Standing in the airport screaming so loudly it was echoing and disturbing diners at the microwave-only Chili’s, I knew that this time I had lost it and would never recover.
I was on a flight to Chicago, with a connection in Philadelphia. My flight to Chicago had started well until we were delayed on the tarmac for one hour for no apparent reason. I think the pilot might have dozed off.

Arriving in Philadelphia, I realized that while I de-boarded, my other flight was boarding. I had 15 minutes to get to my new gate, and I was a shuttle ride away. I ran to the shuttle, only to have to wait as a woman I can only assume was the Riddler in disguise asked one hundred questions about how the shuttle worked.

Once we were on the tarmac, I realized that our driver was new.
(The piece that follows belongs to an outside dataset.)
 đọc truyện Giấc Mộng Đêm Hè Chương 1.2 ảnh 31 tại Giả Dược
She stopped for every piece of trash that blew across the pavement.

We finally arrived at Gate C, and I realized my flight was leaving from C-33, the last gate in the C terminal. I took off running, following the ceiling signs that said “C.” At one point I took a sharp right, following the signs.

Two steps too late, I realized I was following signs to baggage claim. My heart sank as I realized I had passed the security guard. I turned back and yelled, “Did you see me? Did you see me?” He smiled, and replied, “I saw you.”
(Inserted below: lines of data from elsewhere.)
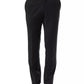 Gray Wool Men Pant - SEHABRANDS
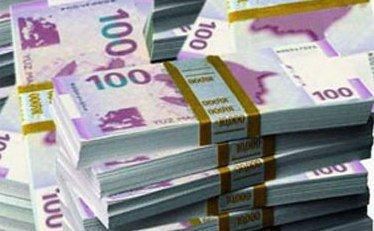 Bu zavod 6 milyona satışa çıxarıldı 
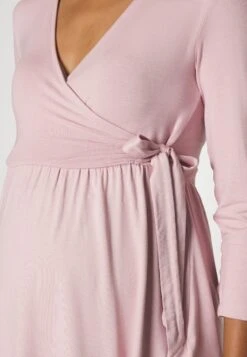 Longsleeve - Pink -Anna Field 396c306d279446f7bde7a10e6b0f3fab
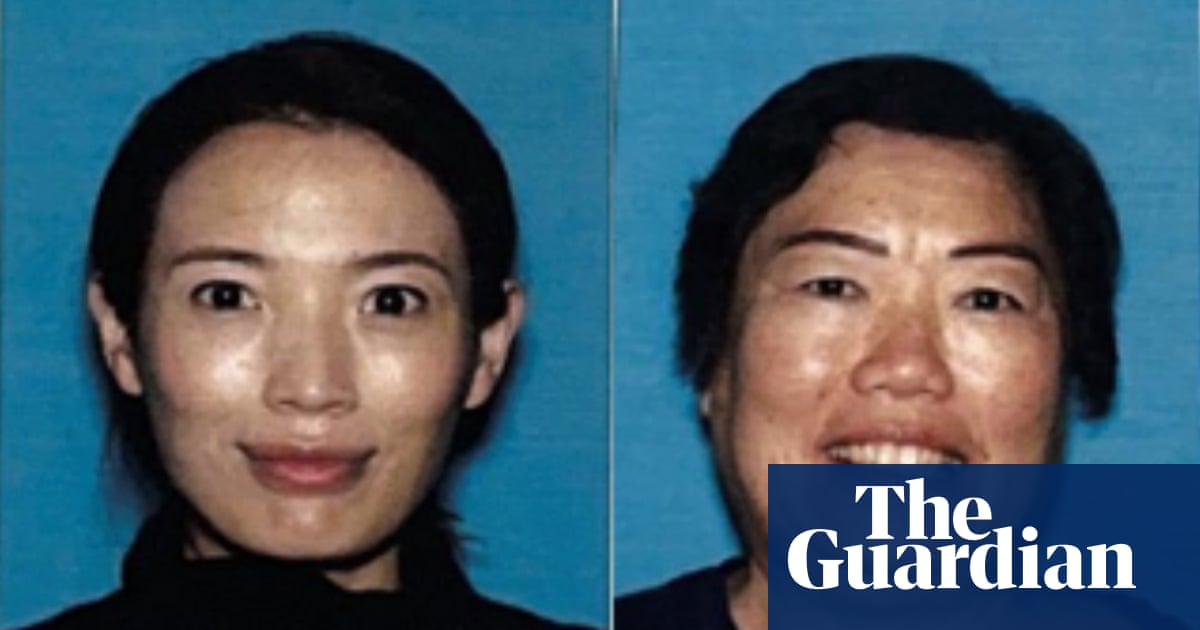 Hollywood Agent's Son Arrested for Grisly Dumpster Discovery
“Thank God,” I replied, trying to run back past him. He stood in front of me. “I saw you, but I can’t let you past this podium. You have to go back through security.”

I actually yelled out a curse word and got in line at security. I tripped over my own bag, said another bad word, and kicked the offending bag over. Then I saw a TSA agent waving me over. I ignored her and tried to act normal.

The run to the gate set off a chain of hot flashes that were about to drive me to my knees. Finally I spotted the oasis – my gate with the door still open. I slowed down trying to catch my breath, at which point one standy passenter stepped in front of me.

“Give her seat 22C,” the young ticket agent said.

I looked at my ticket, and realized that was my seat. “No, that’s my seat. I’m here! That’s my seat!” I cried.

“Not anymore,” the US Airways representive said sarcastically and without eye contact. They handed the lady my seat and shut the door.

A new hot flash of anger surged through my already sweaty body. “Are you KIDDING ME? You are going to be THAT RUDE AND NOT EVEN MAKE EYE CONTACT? ARE YOU KIDDING ME?”

I was screaming, my voice echoing off walls. Everybody stopped and turned. Needless to say, they sent me to customer service. I think I was trailed by two TSA agents.

I would not want a job in the airport, but I would like to offer a tip. If you have a sweaty woman over 50 standing in your line, you might want to treat her a little more gingerly. I’m surprised I wasn’t arrested. I’m also surprised that US Airways kid still has all of his limbs.

Okay, maybe I’ll consider the hormones.